Let's take a second example, based on our zip codes dataset. We will want to compute the population sizes and zip code numbers for each city on each state. Here is how that might look. We will use the functions directly in this case, rather than defining them separately. We will also write the results in a new collection.

db.zips.mapReduce(
  function() {   // The map function
    var key = { city: this.city, state: this.state };
    var value = { pop: this.pop, count: 1 };
    emit(key, value);
  },
  function(key, values) { // The reduce function
    var result = { pop: 0, count: 0 };
    for (var i = 0; i < values.length; i += 1) {
      result.count += values[i].count;
      result.pop += values[i].pop;
    }
    return result;
  },
  {
    out: { replace: "zips2" }
  }
)

Take a look at one of the entries in zips2 to see the format. We will use it on the next query.

We will now answer with mapReduce one of the questions we had in the aggregation framework. Back then we asked the following: Compute how many "small cities" with population less than 10000 each state has, as well as what percent of the state population comes from small cities. We will also compute what percent of the state's cities are "small cities".
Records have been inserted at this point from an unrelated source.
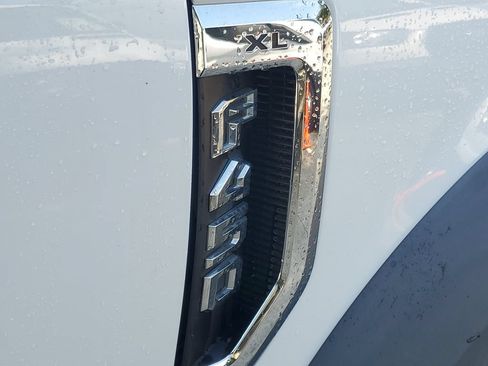 Used 2021 Ford F450 XL AWD/4WD image 9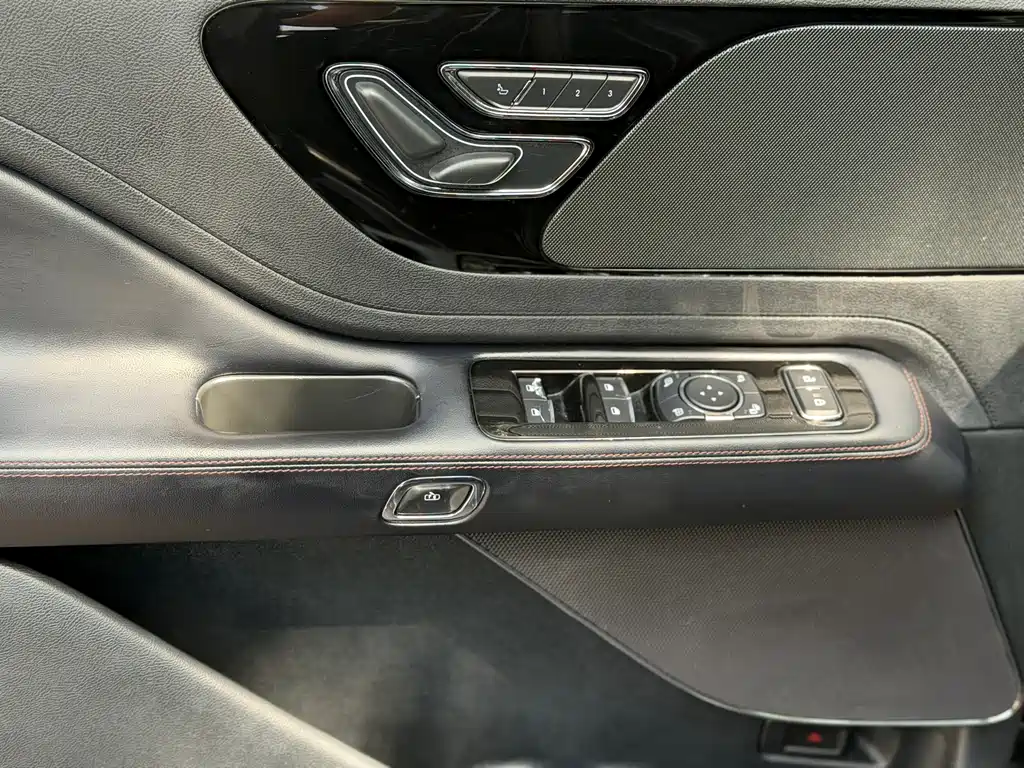 Aviator 3.0 T V6 4 WD Premium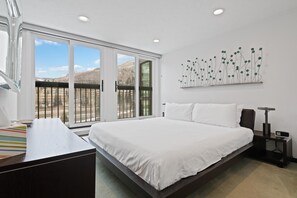 3 bedrooms, WiFi, bed sheets - VB | 3 BR Condo in Lionshead - Hot Tub, Near Lifts (Vail)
Here's how this might happen with map-reduce. Remember that the input documents look like those in zips2.

db.zips2.mapReduce(
  function() {     // map function
    var key = this._id.state;
    if (this.value.pop <= 10000) {
      emit(key, {
        pop: this.value.pop,
        count: 1,
        smallCityPop: this.value.pop,
        smallCityCount: 1
      });
    } else {
      emit(key, {
        pop: this.value.pop,
        count: 1,
        smallCityPop: 0,
        smallCityCount: 0
      });
    }
  },
  function(key, values) {     // reduce function
    var result = { pop: 0, count: 0, smallCityPop: 0, smallCityCount: 0 };
    for (var i = 0; i < values.length; i += 1) {
      result.count += values[i].count;
      result.pop += values[i].pop;
      result.smallCityPop += values[i].smallCityPop;
      result.smallCityCount += values[i].smallCityCount;
    }
    return result;
  },
  {
    out: { replace: "zips3" },
    finalize: function(key, reducedValue) {
      reducedValue.popPercent = reducedValue.smallCityPop / reducedValue.pop;
      reducedValue.cityPercent = reducedValue.smallCityCount / reducedValue.count;

      return reducedValue;
    }
  }
)

Let's print the results:

var percent = function(v) {
  return Math.round(10000 * v) / 100 + "%";
};
db.zips3.find().forEach(function(doc) {
  print(doc._id, "small cities count: " + percent(doc.value.cityPercent), "pop: " + percent(doc.value.popPercent))
})

Do you notice anything unusual about the results?

Look for states that have a very high percentage of their population coming from small cities. Also look for states that have a high percentage of small cities.

You can export the results to a csv file, suitable for work in Excel for example, via the following (you should alter it suitably to work with your database):

mongoexport -h ds011168.mlab.com:11168  -u haris -p haris --type=csv -c zips3 -d wranging --fields _id,value.popPercent,value.cityPercent > test.csv

This exports in csv all documents from the collection zips3, keeping the three fields listed in the fields parameter. Doing some graphs of the data is quite interesting.